Used needles pose a huge public health risk. People who can’t access safe disposal facilities are forced to trash them or just toss them — some might argue that these are the functions of a community that doesn’t care about public health or society at large, but this isn’t the case. When a community is marginalised, pushed to the fringe, and told that it lives under the constant threat of harassment and arrest, the members of that community have to be highly mobile, and they also don’t want to be caught with drug paraphernalia on their bodies.
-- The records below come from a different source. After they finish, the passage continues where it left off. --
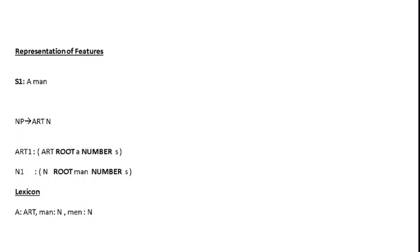We will see how to represent features. Here we have a clause or sentence S1: 'A man', and we have a CFG rule: noun phrase gives article followed by a noun.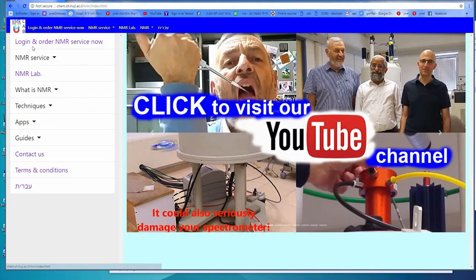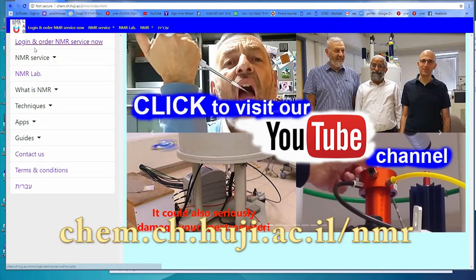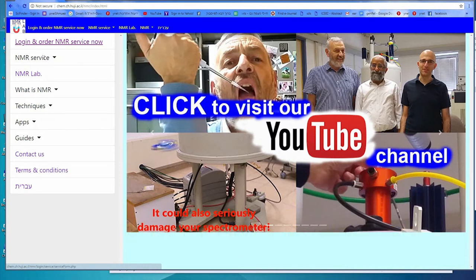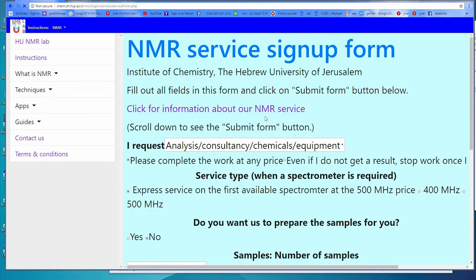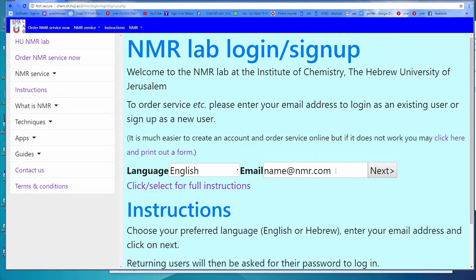Welcome to the Hebrew University NMR lab user login system. First, go to the NMR website at chem.ch.huji.ac.il/NMR. Click on 'Login and Order NMR Service Now.' You will be sent to a login signup page.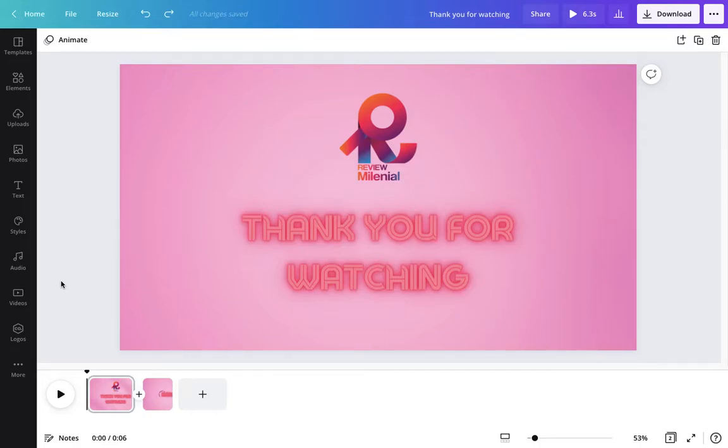Hello everyone, welcome back to the Review Millennial channel. In today's video I'll be showing you how to edit your YouTube end card through Canva.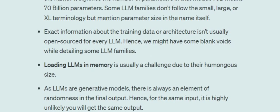The last point about LLMs is that they are generative models, so don't expect the same output when you give the same input. As with generative modeling in general, there is always a sense of randomness in the output. Because of that randomness, even if you give the same input, the outputs are highly unlikely to be the same.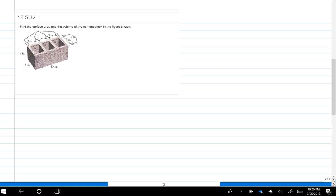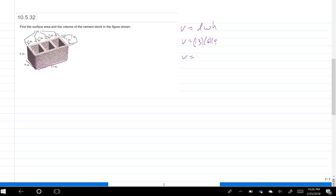For the volume, remember that the volume of a rectangular solid is length times width times height. If I take the volume of this entire rectangular solid — the whole brick, just without thinking about the pieces that are missing — I've got 13 by 6 by 9. So the volume is going to be 702 cubic inches.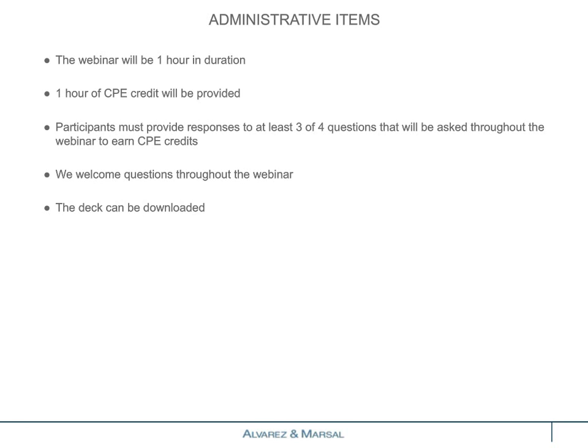Administrative items: the webinar will be one hour in duration with one hour of CPE credit provided. We will be asking questions throughout the webinar. For those looking to earn CPE credits, please ensure that you answer the questions, as that is a requirement. We welcome your questions throughout the webinar and will answer as many as we can towards the end. The deck can also be downloaded.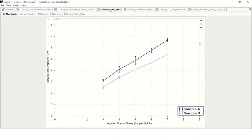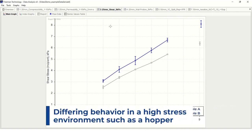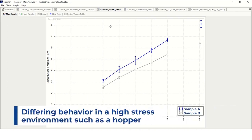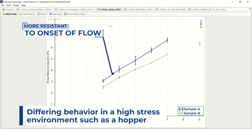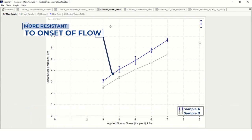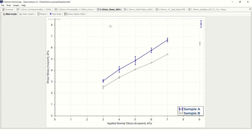Next, we can look at the shear properties of the powder in either a shear cell or a wall friction test. We can see here two different yield loci that were formed for the different samples. These differing trends indicate that the samples will exhibit differing behavior within a high-stress environment, such as in a hopper. The higher shear stress values generated for sample A suggest that this sample is more resistant to the onset of flow within a consolidated environment. These results are in agreement with the increased specific energy that was observed for this sample in dynamic testing.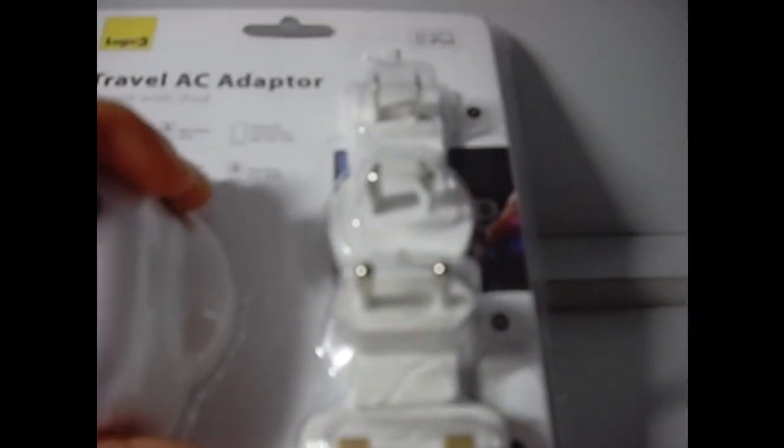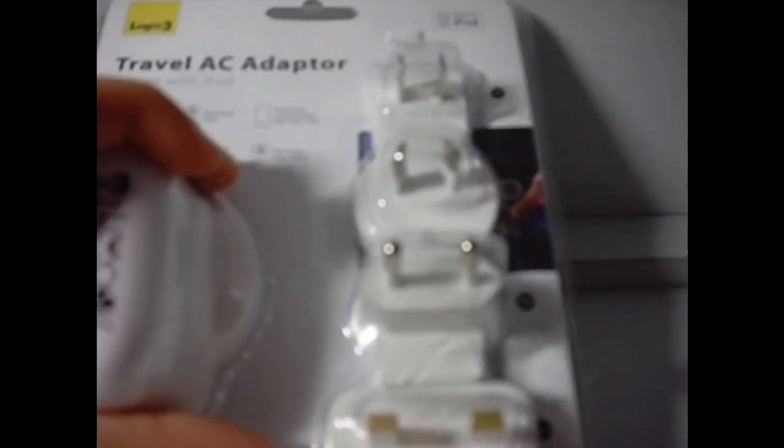...one, Australian one and American one. So let's open it. Give me a second guys because I hate this packaging.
I’d rather have people carrying clean needles and injection equipment to prevent infections and the spread of blood-borne disease, personally, and I’d like those people to be able to ask for resources at offices maintained to help them dispose of medical waste.
Rather than trashing entire communities of people, treating them as problems to be solved rather than human beings, perhaps the better public health approach would be a commitment to harm reduction. A growing body of scientific evidence — and a number of agencies — seems to support this, but politics lags behind, because of the attitude that drug use is morally reprehensible and gross.
I don’t care what someone chooses to take or not take. I care that people can do it safely, because that’s what matters.